TR: I was a more conventional songwriter in the Something/Anything days, probably because most of my writing was done outside the studio. The more I had continual access to the studio and the more flexible the tools became, the more composition became a part of the recording process. Now it’s hard to distinguish between recording and composition.
TA: Digital tools have changed the audio and visual world and you’ve been an early adopter of both. Has the digital world helped you maintain your level of innovation and set you free creatively, or do you have more limitations now?
TR: I was never an analog nut, so I’m perfectly used to the digital approach. A greater range of tools in all price ranges has changed the game the most. Arena was done entirely on my laptop, and from a budgetary standpoint is probably the cheapest and easiest record I’ve ever produced.
TR: I hope this isn’t a sore spot, but seeing that you have always been such a technically oriented guy, why don’t you have a major Web presence? Is it just too much to deal with these days?

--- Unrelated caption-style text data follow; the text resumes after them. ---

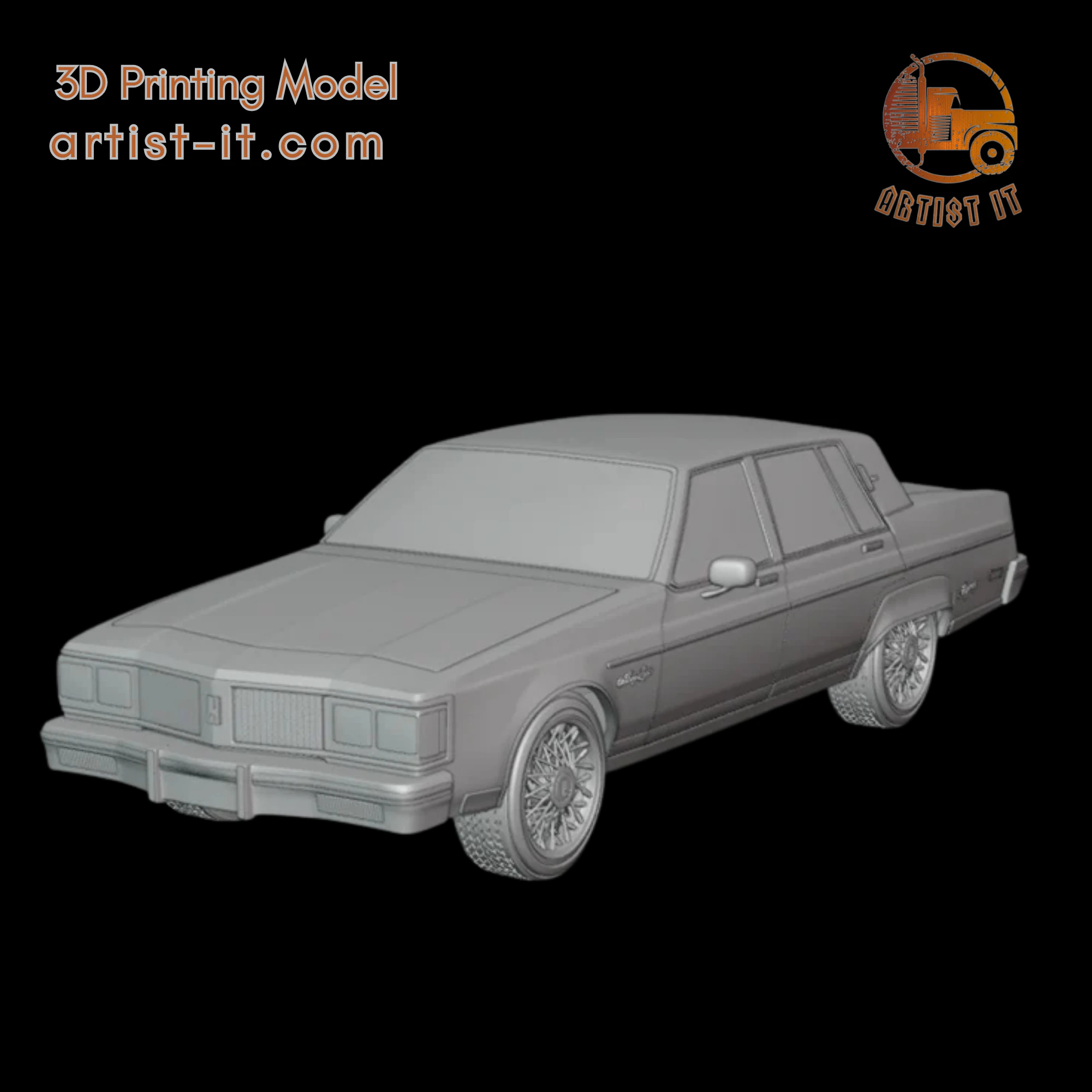 1983 Oldsmobile Regency 3d print model 3D Print Model .c4d .max .obj .3ds .fbx .stl .blend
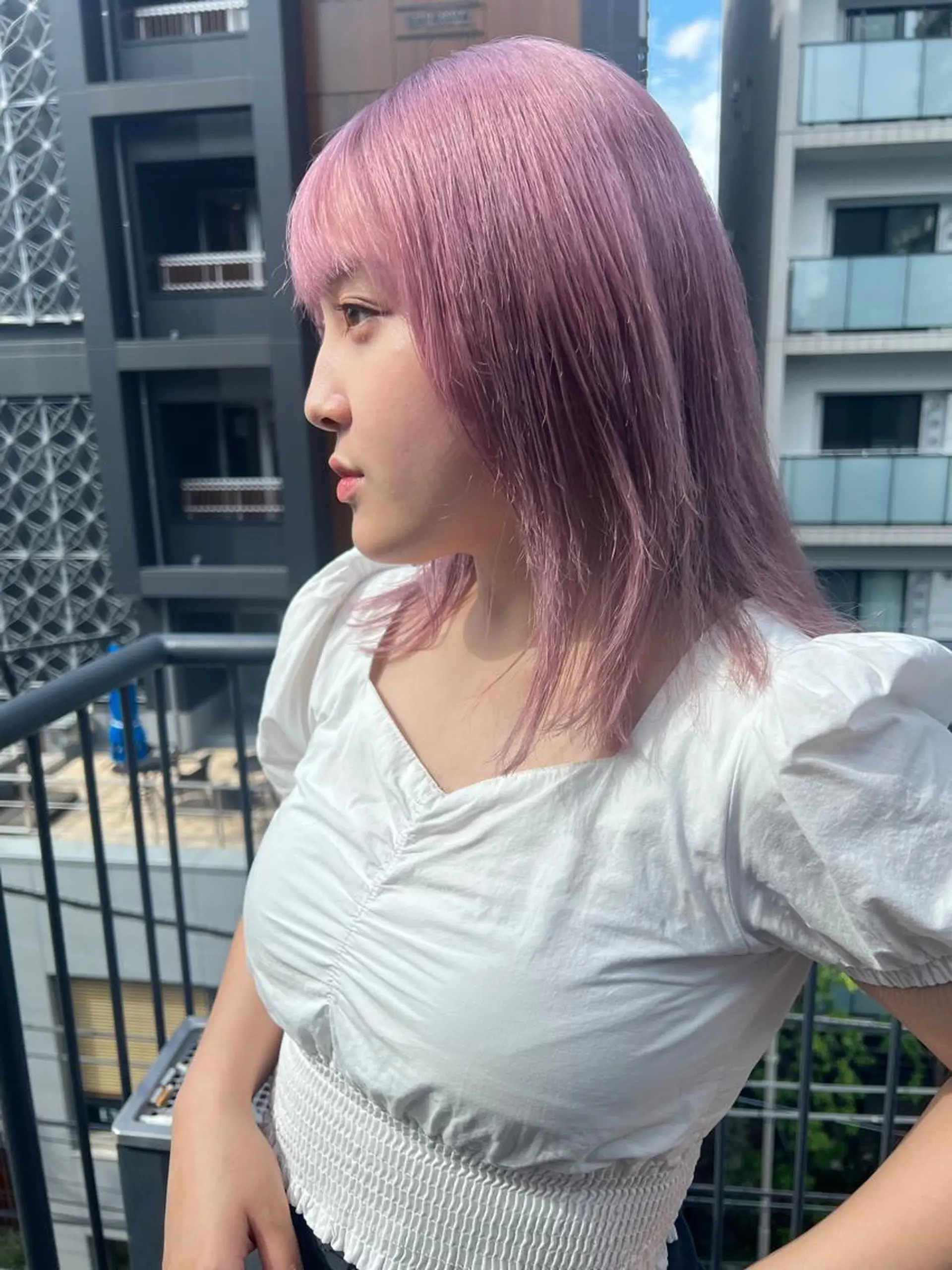 ミディアム カラー 周りと差のつくハイト ーン🥣AZUKIのヘアスタイル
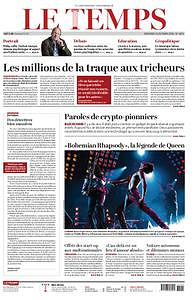 Le Temps - Mercredi 31 Octobre 2018
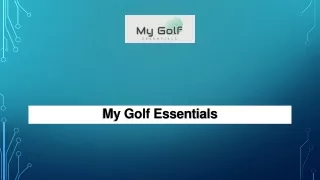 Golf Ball Slides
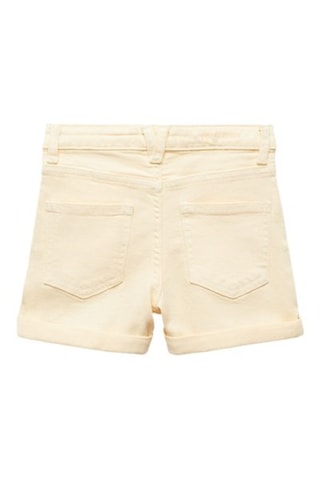 Short denim revers - Jaune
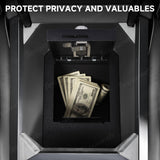 Anti-theft center console safe lockbox proTeslaCybertruck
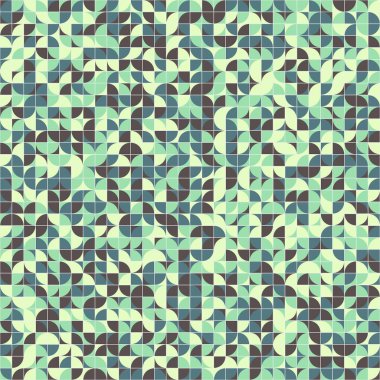 Soyut Geometrik Desen üretken hesaplama sanatı çizimi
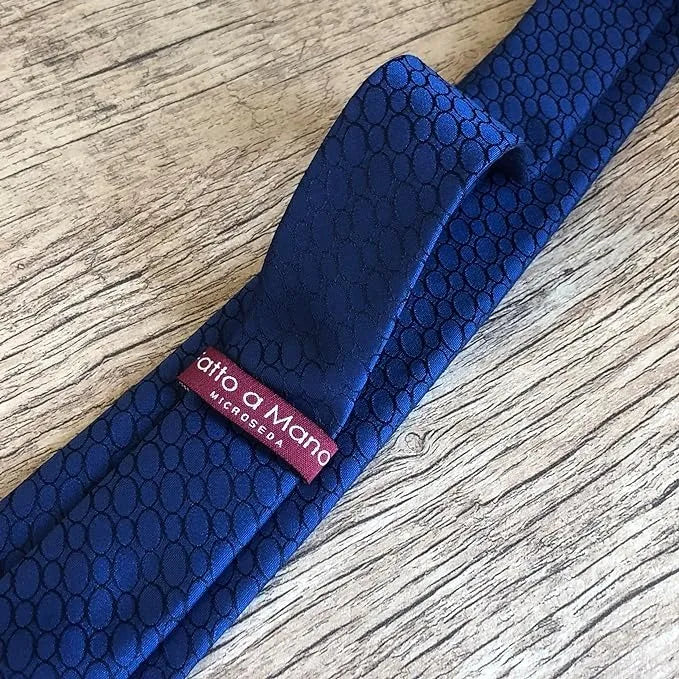 Gravata Azul Fatto A Mano Microseda Super Luxo – Ideal para Padrinhos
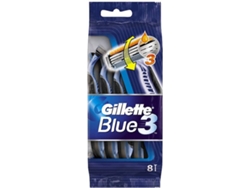 Láminas de Afeitar GILLETTE Blue 3 8 Unidades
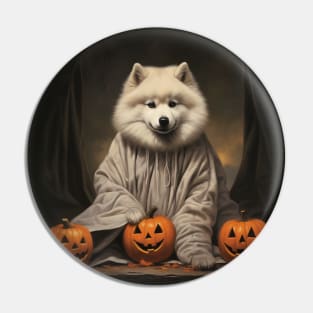 American eskimo dog Halloween Pin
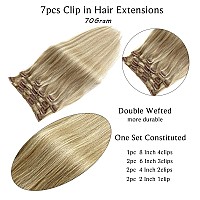 Clip In Hair Extensions Human Hair Clip In Extensions Dirty Blonde Balayage Blonde Highlights Real Hair Extensions Clip In Huma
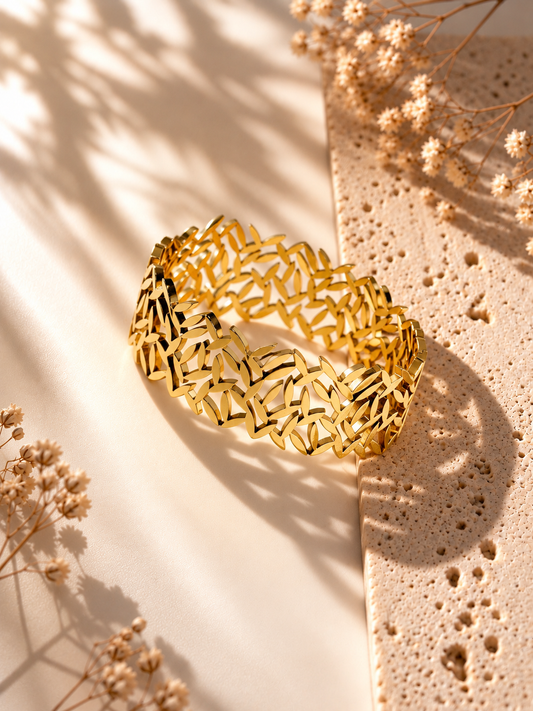 BOLD 18k GOLD PLATED ANTI TARNISH BRACELET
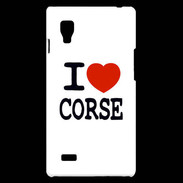 Coque LG Optimus L9 I love Corse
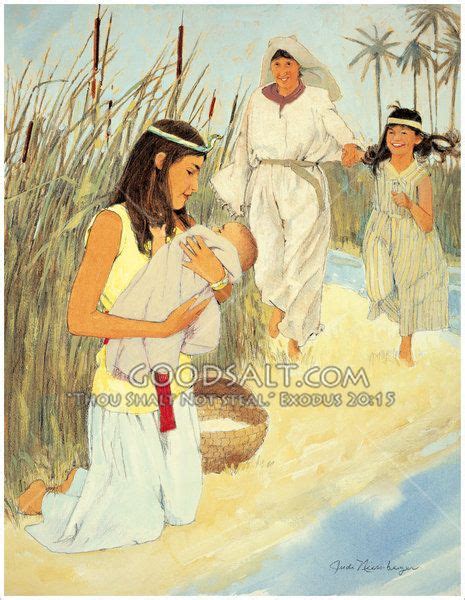 Miriam Is Bringing Her Mother To Pharaoh S Daughter Who Found Moses In The Water Bible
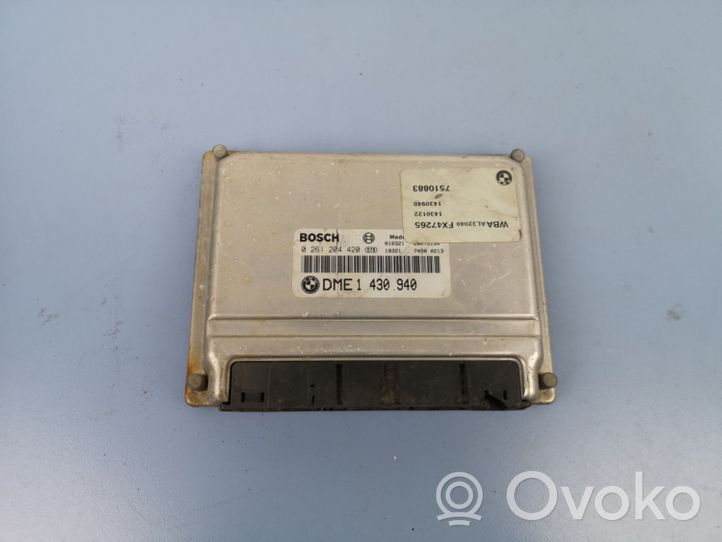 BMW 3 E46 Variklio valdymo blokas DME1430940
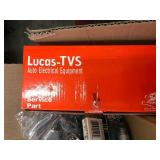 LARGE BOX OF ASSORTED CAR PARTS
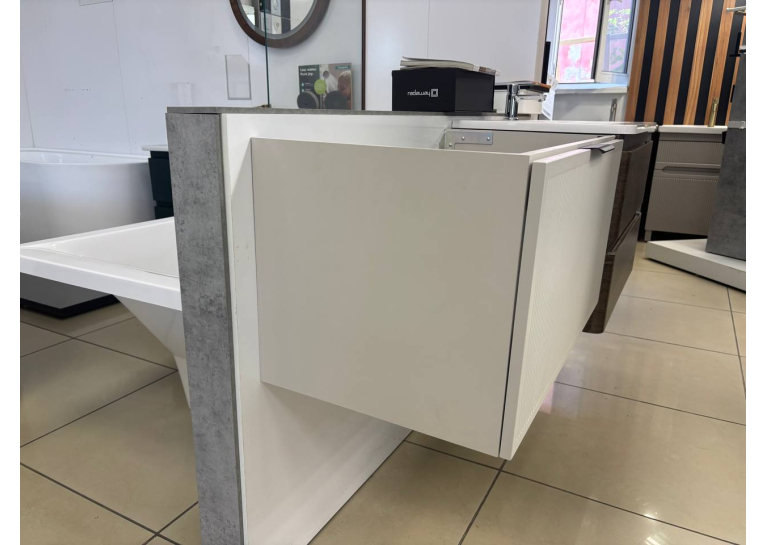 Тумба консольна AQUA RODOS Fabio 80 см, АР000134981 (Кашемір), (Без умивальника, Має пошкодження)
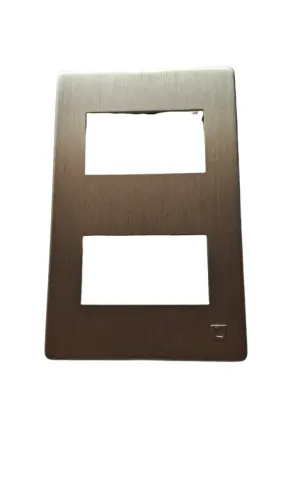 Placa 4x2 - 2 modulos separados-Vintage- Linha Elite Pial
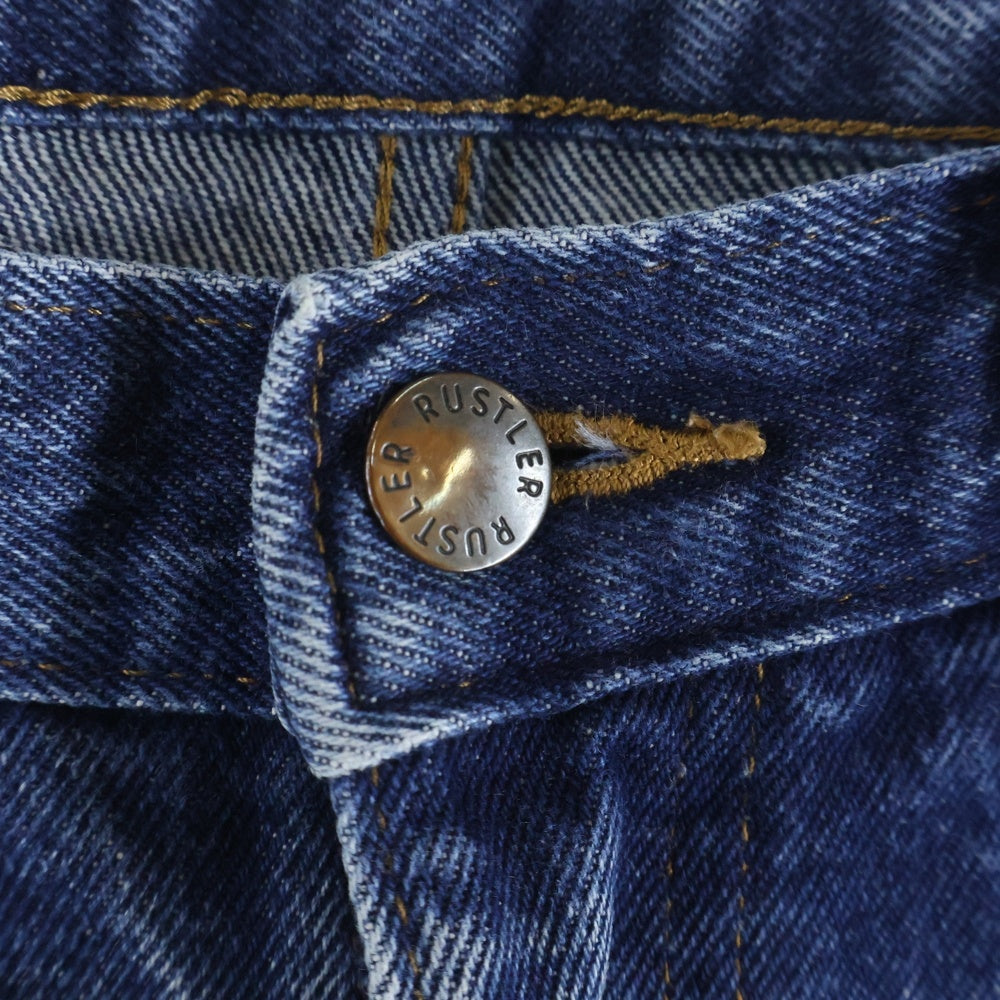 VINTAGE(ヴィンテージ) 80s RUSTLER ラスラー Straight leg jeans ストレート デニム パンツ インディゴ
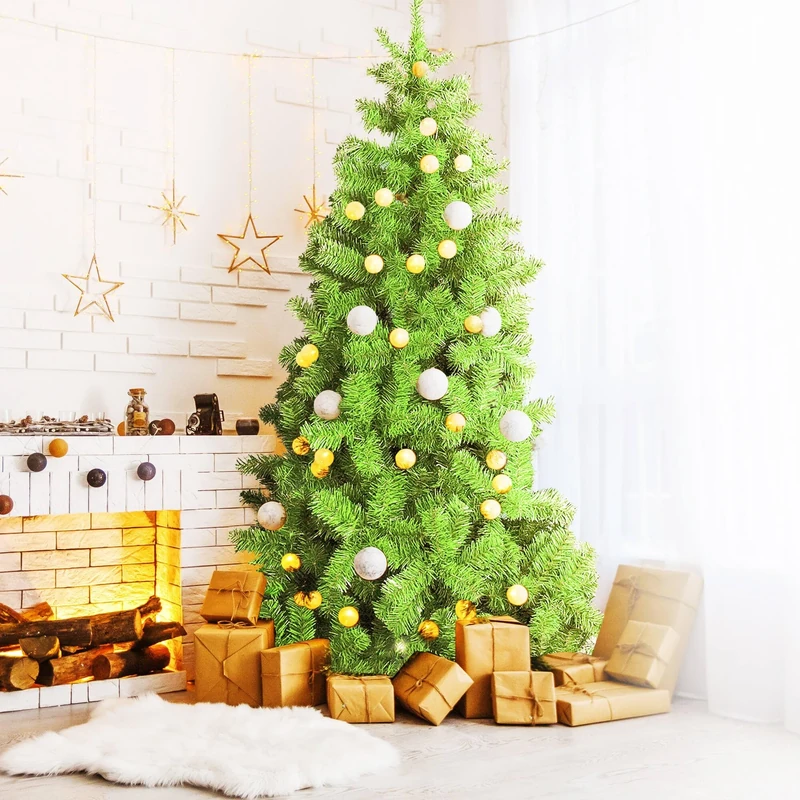 Dmora - Christmas tree Oslo, extra thick artificial tree, real PVC effect tree, 493 branches, height 180 cm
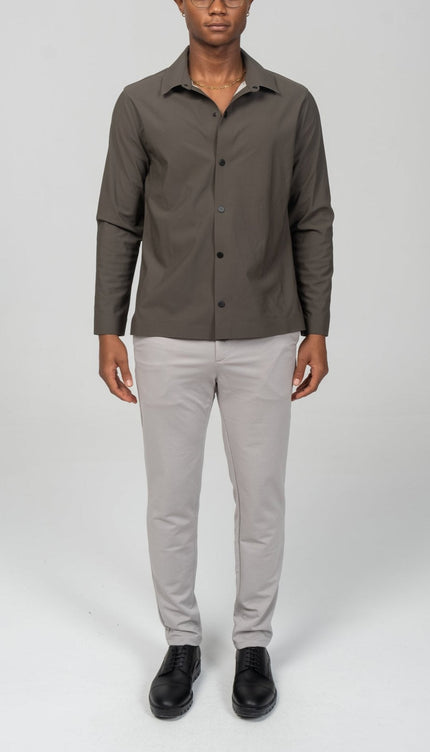 Snap Button Shirt - Anthracite - Ron Tomson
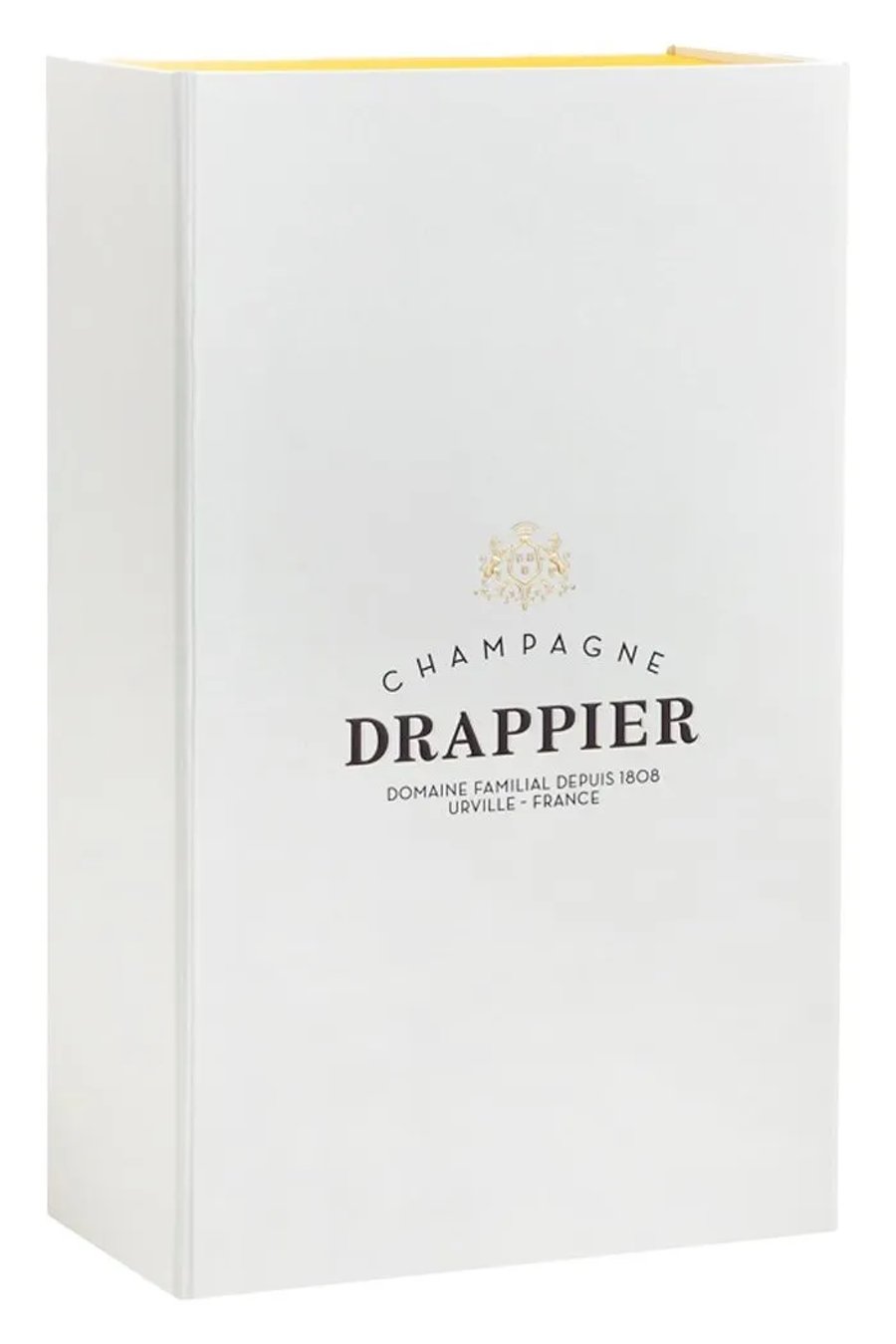 Tveggja flösku harðspjalda gjafakassi frá Drappier
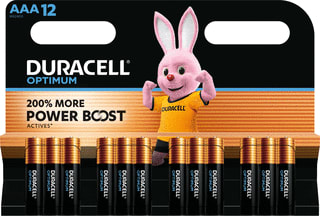 Duracell - Optimum Batterij, niet oplaadbaar Alka Aaa Br12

TR: I don’t, as some people assume, have a slavish fascination with technology. I don’t own a cell phone, and I hate driving. There was a time when the effort and skills needed to build a Web presence were beyond the average person. Now everyone in the world is contributing to the noise. The digital soapbox is sometimes occupied by some truly nasty personalities, which has made me something of a digital hermit.
TA: Speaking of creativity, how much has the move to Hawaii changed your life? It seems that instead of slowing down, you’ve done just the opposite. What’s the next big idea on the horizon?
TR: My location doesn’t seem to have a major effect on my creative juices. It’s still the same culture that gives me most of my ideas. The isolation does make it a bit more difficult to collaborate, but I travel enough to make up for that.
TA: What are you doing to take such good care of your voice? While some guys your age (and younger for that matter) are really struggling to belt it out, you’re singing better and stronger than ever.
TR: In some ways, I’m not taking care of it. It’s just a set of muscles, and like body building, you sometimes have to abuse them to make them stronger. The tour in Japan last spring was pretty abusive, with ten shows over six nights. As long as I don’t try to fix my voice artificially, by using drugs to get through a show, a little rest is usually all I need.
TA:Do you still stay in touch with Willie Wilcox and Roger Powell? Is there any chance of one last round of Utopia shows with the original lineup?
TR: That is the 64 million dollar question. Every couple years we discuss the possibility, and something usually happens to end that discussion. For my foreseeable future I’m playing with the Arena lineup.
TA: Have you been producing anyone lately, or is that period of your life over? You did a lot of great records over the years.
TR: We still have discussions with potential production partners. Scheduling is always a problem, especially with my current touring itinerary. There are some possibilities after this year.
TA: Though you are known best for being up front and center with a guitar, what’s your favorite instrument to play after all these years? Is there anything you hate to play?
TR: I’ve learned not to play the piano live any more. I’ve never been able to develop that Billy Joel/Elton John comfort level. I put too much focus on the singing and any instrument I’m playing is going to suffer. With only six strings, the guitar has fewer mistakes available to make.
TA: Is there anyone that you are listening to these days that you really enjoy?
TR: I’m just trying to get some listening time in, period.